Mientras el laicismo militante se establece como nuevo culto, pueblo llano y clases meritocráticas han coincidido, sin saberlo, en que no hay nada más chic que una boda religiosa. No es lo mismo ir maqueado a un juzgado, ponerse en cola y esperar, número de expediente en mano, a que el ujier clame en el pasillo: «¡Pareja 23!», que la acogedora ermita. Como decía una atea de la vieja escuela progre: «Dónde esté la ceremonia religiosa que se quite la asepsia del juzgado. Los laicistas deberíamos inventar nuevos ritos a imitación de los católicos, que tienen más experiencia que nosotros».
¿Un mundo feliz?
¿Pueden las sociedades posmodernas vivir, por decreto ley, sin la religión católica y sus ritos, sustituidos por subrogados laicistas? Hasta la fecha, el punto de referencia distópico (o utopía apocalíptica) es, sin duda, «1984», de Georges Orwell. Irremediablemente, los elementos de ese Gran Hermano que domina un mundo futuro apocalíptico tenía su referente real en el estalinismo. Y más que advertir sobre un próximo futuro, cuya población vivía bajo la férula de una religión de estado y la ingeniería social, tenía su referente real en los países comunistas del Telón de Acero.
Imaginando ese mundo, el resultado sólo puede ser un sainete. Que sean los primeros políticos pop: intranscendentes, superficiales y divertidos, no quita sus intenciones de cambiar la sociedad mediante a lo que Lenin llamó «ingenieros del alma». Y su proyecto primordial es ir sustituyendo la religión católica y su santoral por una religión de estado.
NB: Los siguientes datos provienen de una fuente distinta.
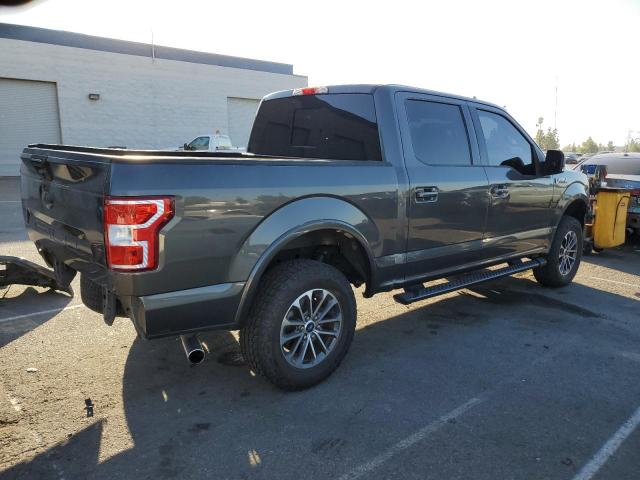 Photo 3 from auction – 2018 FORD F150 SUPERCREW with VIN 1FTEW1E55JKC84715
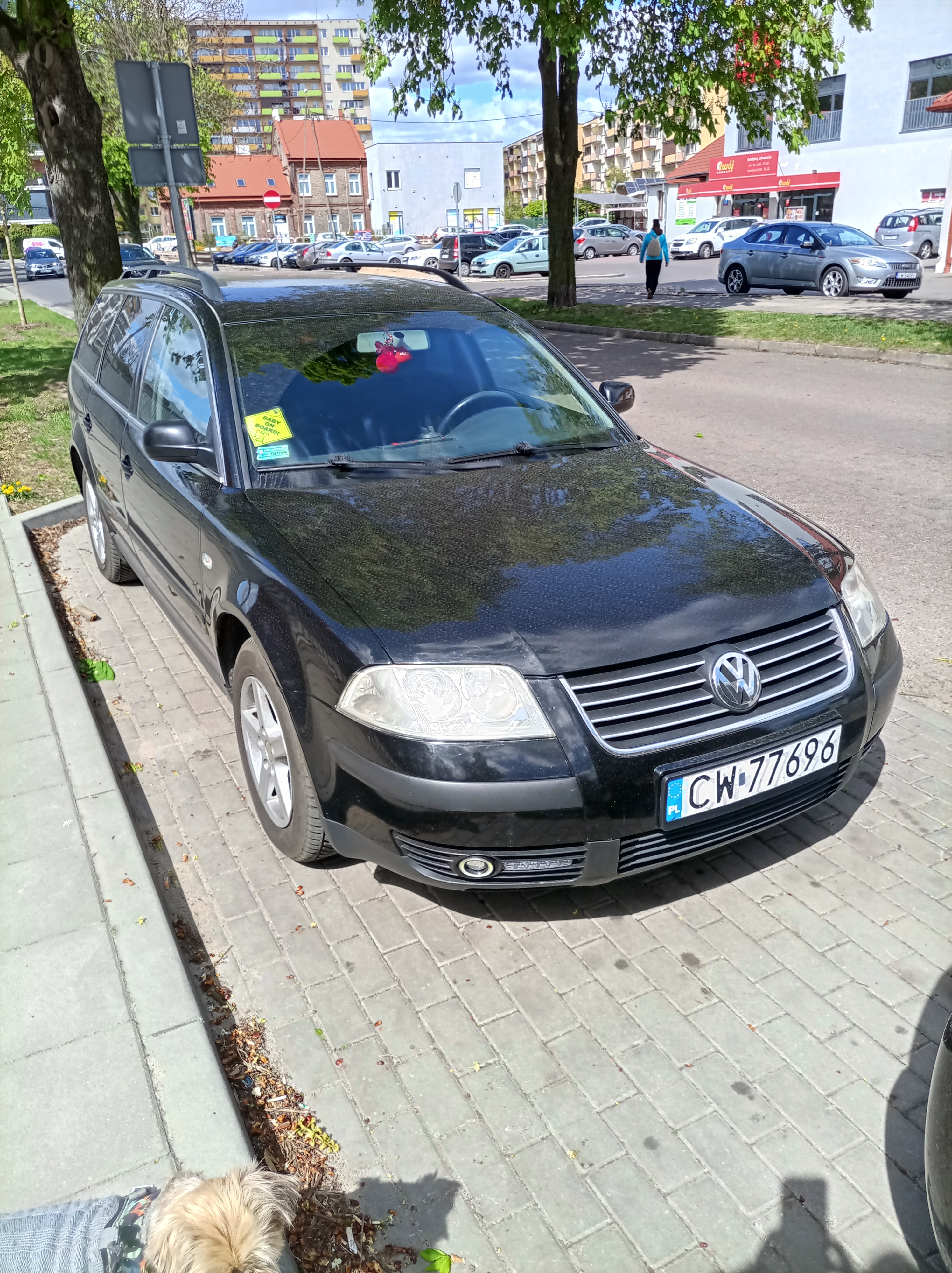 VW Passat 
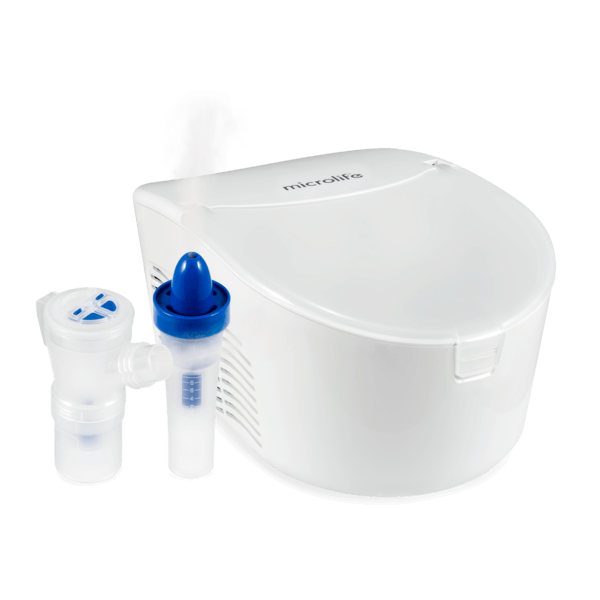 Patient Focus Africa - Empowering Health - Microlife NEB PRO - Professional Compressor Nebuliser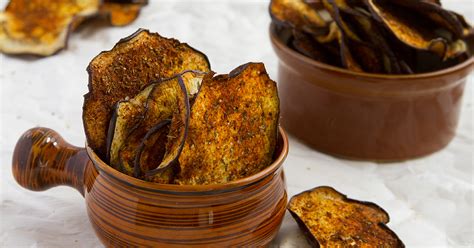 crisp-eggplant-chips-w-smoky-seasoning-healthful image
Leyes como la del matrimonio homosexual, el aborto, la eutanasia, la memoria histórica, la alianza de civilizaciones, la educación para la ciudadanía y la discriminación de género, cuyo resultado no puede ser otro que la imposición, que no la igualdad, de género, nacen del resentimiento. En «Normas para el parque humano», Peter Sloterdijk imagina un futuro en el que la ingeniería genética y la biología evolutiva parecen legitimadas para ofrecer otra interpretación del mundo y del hombre.
Entramos en esa utopía apocalíptica cuya religión sería biotecnológica, donde los ciudadanos nacerían con un código genético más limpio que una patena, por lo que pasaríamos de «1984» a «Un mundo feliz» de Aldous Huxley. Allí se ironiza con los cultivos de humanos, cuya tecnología reproductiva lograba cambiar a la sociedad entera. Sin guerra ni pobreza, todos era felices. ¿El precio? La desaparición de la diversidad cultural: la familia, el arte, la ciencia, la filosofía y muy especialmente la religión. Lo que no deja de ser, de nuevo, la vuelta a las fantasías socialistas puestas en práctica, sin tanta tecnología ni exquisitez intelectual, por los regímenes radical-laicistas, opuestos a las tradiciones, la religión católica y la libertad de cada cual para así borrar, de paso, los trazos de la cultura occidental.